То, что интерес к этой книге не пропал, с одной стороны лестно для меня, с другой — вызывает некоторую тревогу: а нет ли угрозы нового возвращения культуры 2? Дело в том, что брежневская волна «застывания», от которой я бежал в Америку в 1981 году, оказалась не очень страшной и не очень устойчивой. Новая волна может оказаться гораздо серьезнее. Роль злорадного пророка (<А что я вам говорил'») не кажется мне привлекательной, я предпочел бы оказаться неправым.
предисловие
Одна из причин появления этого труда — непонятная для человека моего поколения многозначительность, с которой говорят о 30-х годах советские искусствоведы (из тех, кого в 60-е годы было принято называть прогрессивными, а сейчас не принято называть никак). «Потом, — говорят они, — в силу всем нам понятных причин, развитие советского искусства пошло по другому пути». Я много раз спрашивал у них, что это за причины, но никакого ответа не получил, хотя, судя по тем понимающим взглядам, которыми они обмениваются, какой-то сложный клубок ассоциаций вокруг слов «всем нам понятные причины» имеется.

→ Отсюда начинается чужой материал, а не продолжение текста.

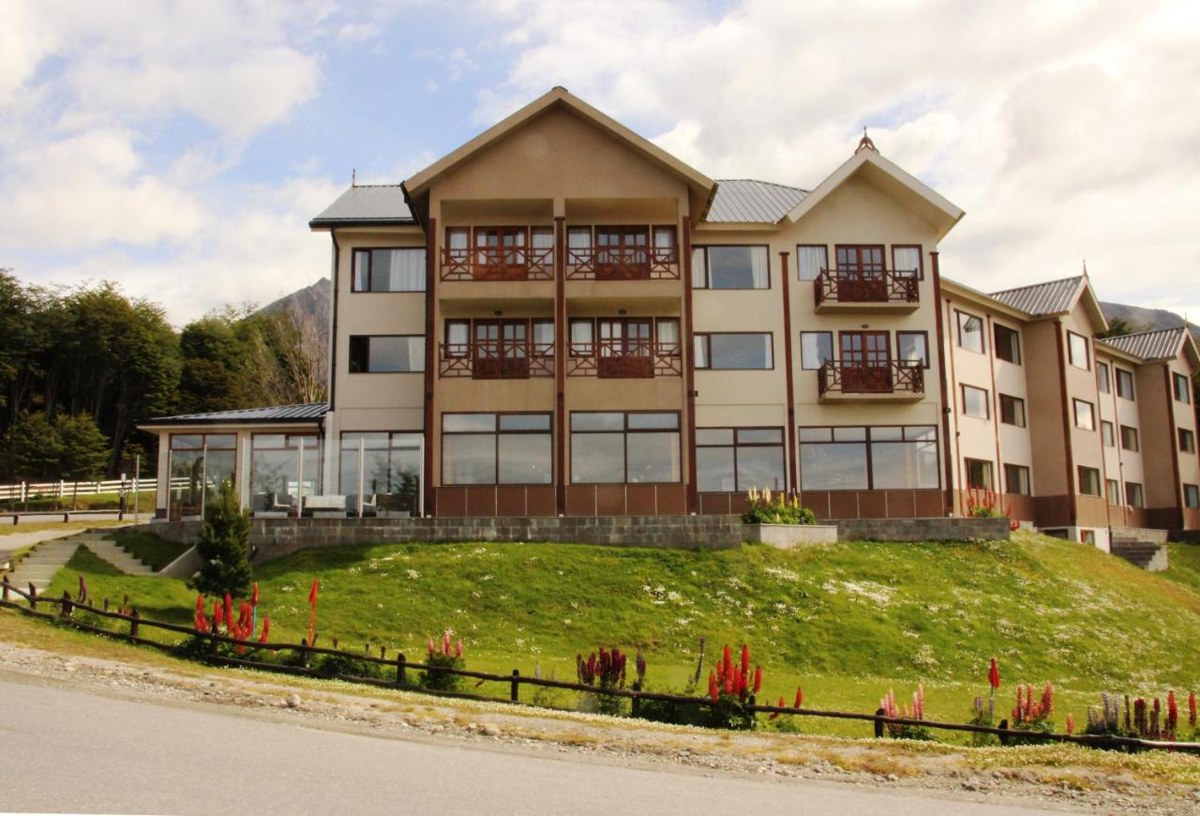 ALTOS USHUAIA HOTEL & RESTO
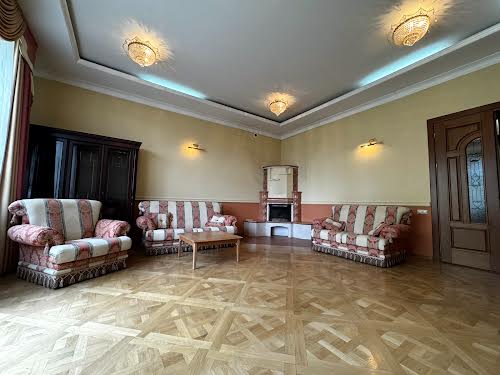 квартира по адресу Новаковского ул., 8
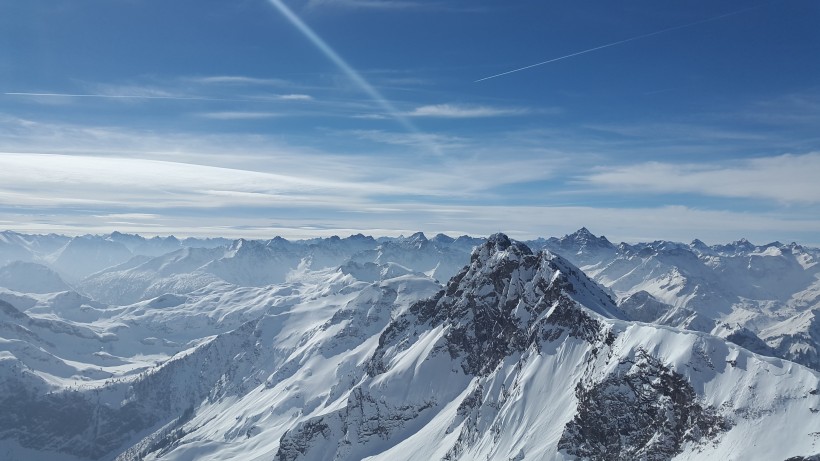 積雪的山峰圖片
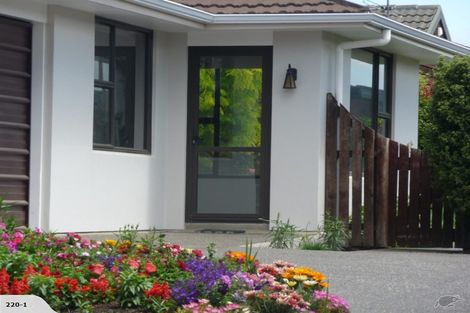 Photo of property in 2/35 Chipping Lane, Redwood, Christchurch, 8051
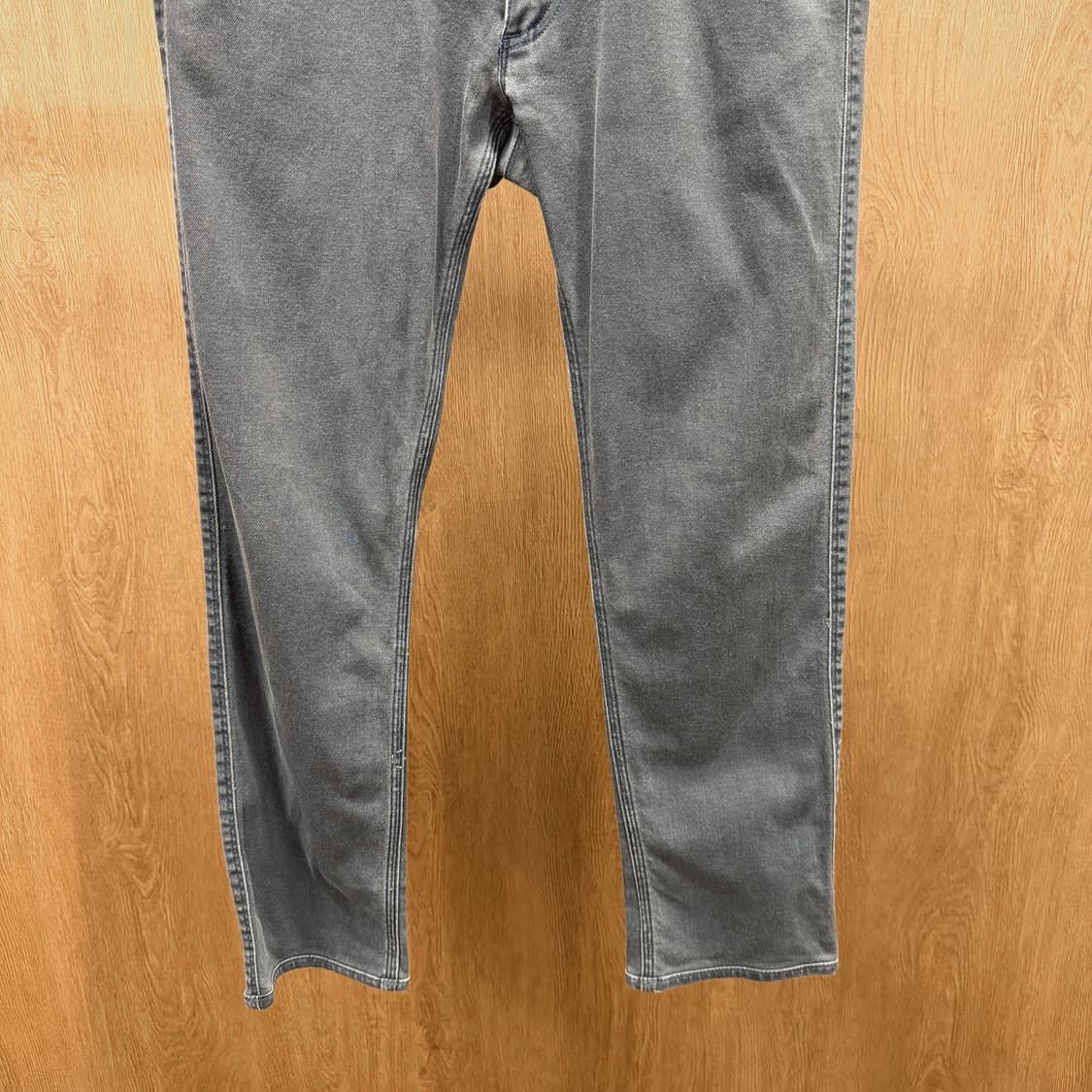 아크네스튜디오 스트레이트 데님 팬츠 백포켓 로고 단추 디테일 그레이 상품이미지5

Этот клубок, как мне кажется, подразумевает некоторую силу, которую можно было бы обозначить словом «они», враждебную «правильному» и «естественному» развитию советского искусства: все шло хорошо, пришли они и все испортили. Меня в этом смысле поразили слова С. Хан-Магомедова, одного из лучших знатоков советского искусства 20-х годов: «Сторонникам конструктивизма, — пишет он в своей книге о М. Гинзбурге, — в этот период было навязано соревнование в наименее разработанной этим направлением области архитектурного творчества — создании репрезентативных монументальных объемно-пространственных композиций» (Хан-Магомедов, 1972, с. 67). Кто же этот злодей, навязавший соревнование? Я вспоминаю, как другой большой знаток 20-х годов, А. Стригалев, в одном из своих устных докладов в Институте теории и истории архитектуры в Москве в 1976 г. высказал примерно такую мысль, что конструктивизм (в широком смысле) в конце 20-х годов завоевал такие прочные позиции, что если бы ему дали еще немного развиться, то все потом пошло бы иначе. Присутствовавший там С. Хан-Магомедов поддержал его, сказав, что напрасно Стригалев высказал эту мысль в такой робкой форме и напрасно Паперный накинулся на него с агрессивными вопросами, потому что мысль заслуживает внимания. Эта мысль, как и уже процитированная мысль самого С. Хан-Магомедова, безусловно заслуживает внимания, и прежде всего — своей грамматической
/. Здесь и дальше, кроме специально оговоренных случаев, выделено мной.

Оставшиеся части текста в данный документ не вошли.